Merkez Bankası Döviz Kuru | |||
ALIŞ | SATIŞ | ||
USD | 34,4372 | 34,4992 | |
EURO | 36,3826 | 36,4482 |
Bugün: | 37 |
Dün: | 78 |
Toplam: | 4535 |
Mutfağı :
Çankırı yöresinde geleneksel beslenme biçimi etkinliğini sürdürmektedir. Yöre insanının beslenme alışkanlıklarında Orta Anadolu özellikleri görülür. Beslenmenin temelinde buğday ve buğday ürünleri bulunmaktadır. Tarhana, bulgur, keşkek, yarma, erişte vb. yiyecekleri ev ekonomisi çerçevesinde yöre halkı kendisi üretir. Anadolu'nun pek çok yerinde olduğu gibi kimi yiyecek maddeleri kurutulmak, salamura yapılmak, turşu kurularak ve diğer bası usûllerle kışa hazırlanır. Kıyma, kavurma, sucuk gibi etlikler, kurutulmuş fasulye, patlıcan, biber gibi sebzeler, konserveler, değişik meyvelerden reçeller bunlar arasındadır.
Hamura çeşitli maddeler katılarak sacda, yağda, fırında ve tencerede pişirilerek çok sayıda yemek yapılmaktadır. Tava çöreği, yazma çöreği, bükme, gözleme, cızlama, tatar böreği, iri hamur, mantı, pıhtı, çullama bunların başlıcalarıdır. Tarhana, toyga, şaştımaşı, tutmaç, yarma, dene, cümcük gibi çorbalarda ana madde buğday ürünleridir. Yaş ve kuru sebzeler beslenmede ikinci sırayı alır. Hayvani besin tüketimi sınırlıdır.
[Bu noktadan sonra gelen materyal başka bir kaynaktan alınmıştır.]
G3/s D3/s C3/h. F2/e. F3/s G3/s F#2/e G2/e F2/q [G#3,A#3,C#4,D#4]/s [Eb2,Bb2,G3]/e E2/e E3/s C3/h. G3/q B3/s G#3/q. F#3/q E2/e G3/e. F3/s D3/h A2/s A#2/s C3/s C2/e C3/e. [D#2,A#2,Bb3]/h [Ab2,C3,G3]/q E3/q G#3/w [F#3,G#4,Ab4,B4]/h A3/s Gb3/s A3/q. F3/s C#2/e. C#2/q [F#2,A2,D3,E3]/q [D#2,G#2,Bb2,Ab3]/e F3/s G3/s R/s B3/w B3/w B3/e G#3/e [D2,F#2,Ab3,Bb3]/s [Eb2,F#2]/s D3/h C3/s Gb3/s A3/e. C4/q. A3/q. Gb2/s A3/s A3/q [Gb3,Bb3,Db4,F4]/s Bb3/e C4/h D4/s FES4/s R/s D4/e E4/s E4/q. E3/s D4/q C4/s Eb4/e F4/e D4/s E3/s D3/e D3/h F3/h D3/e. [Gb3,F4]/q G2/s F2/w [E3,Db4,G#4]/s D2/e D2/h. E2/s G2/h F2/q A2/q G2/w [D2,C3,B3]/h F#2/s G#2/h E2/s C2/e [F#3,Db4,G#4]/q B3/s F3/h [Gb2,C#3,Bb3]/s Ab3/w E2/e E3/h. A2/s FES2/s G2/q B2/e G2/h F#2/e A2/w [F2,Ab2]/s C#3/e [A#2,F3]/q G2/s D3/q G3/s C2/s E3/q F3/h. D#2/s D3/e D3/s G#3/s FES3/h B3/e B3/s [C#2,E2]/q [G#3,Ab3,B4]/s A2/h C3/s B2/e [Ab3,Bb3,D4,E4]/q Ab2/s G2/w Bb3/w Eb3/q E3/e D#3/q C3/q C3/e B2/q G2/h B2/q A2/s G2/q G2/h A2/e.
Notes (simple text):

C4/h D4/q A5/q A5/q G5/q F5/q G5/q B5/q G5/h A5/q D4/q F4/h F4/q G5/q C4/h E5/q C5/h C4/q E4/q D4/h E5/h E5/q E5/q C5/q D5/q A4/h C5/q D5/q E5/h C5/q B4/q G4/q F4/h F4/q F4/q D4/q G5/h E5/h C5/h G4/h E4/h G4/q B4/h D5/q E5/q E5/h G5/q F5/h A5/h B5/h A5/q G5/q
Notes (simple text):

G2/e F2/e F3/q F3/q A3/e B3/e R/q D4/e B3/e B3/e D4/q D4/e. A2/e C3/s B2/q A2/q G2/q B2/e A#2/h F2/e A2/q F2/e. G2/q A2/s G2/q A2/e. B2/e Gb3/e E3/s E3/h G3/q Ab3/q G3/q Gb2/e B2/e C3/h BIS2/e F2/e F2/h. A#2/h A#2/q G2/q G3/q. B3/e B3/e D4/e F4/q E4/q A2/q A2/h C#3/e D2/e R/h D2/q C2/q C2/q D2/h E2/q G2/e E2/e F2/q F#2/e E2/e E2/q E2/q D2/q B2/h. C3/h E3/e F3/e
Kentsel alanlarda hazır yiyecekleri kullanma alışkanlıkları gelişmekle birlikte evde hazırlanan geleneksel yiyeceklerin ucuza gelmesi ile dağıtım ağının hazır yiyecekleri bütün yerleşme birimlerine ulaştıracak düzeyde olmaması da durumu etkilemektedir.
Aşağıda yöremize ait bazı yiyeceklerle ilgili bilgiler verilmiştir.
Yaren Güveci: 2 kg kuzu eti güveç kabında kendi suyuyla pişirilir, 3 baş soğan, iki baş sarımsak, 5 adet sivri biber, yarım kg domates ince doğranarak, baharat (karabiber, pulbiber, kimyon), tuz ve bir kaşık salçayla birlikte ete ilave edilir. Doğranarak ayrı bir kapta kızartılan 1 kg patlıcan, güveç kabındaki malzeme ile bir sıra malzeme, bir sıra patlıcan şeklinde yerleştirilir. Üzeri domates ve biberle süslenerek üç bardak su konulmak suretiyle fırına sürülür ve yarım saat pişirilir.
Bütün Et: 2,5 kg keçi eti yıkanarak orta boy parçalara ayrılır. Bir kaşık tereyağ veya margarinle tencerede biraz çevrilir, etin miktarına göre 1-2 litre sıcak su ve 1 kaşık salça ilave edilir, 7 baş orta büyüklükte soğan bütün olarak etlerin arasına yerleştirilir. Pişen etler tek tek ayrı bir tencereye yerleştirilir, tel süzgeçten geçirilen et suyu ve tuz ilave edilerek bir taşım kaynatılır. Bir çay kaşığı baharat (yeni bahar) ilave edilerek servis yapılır.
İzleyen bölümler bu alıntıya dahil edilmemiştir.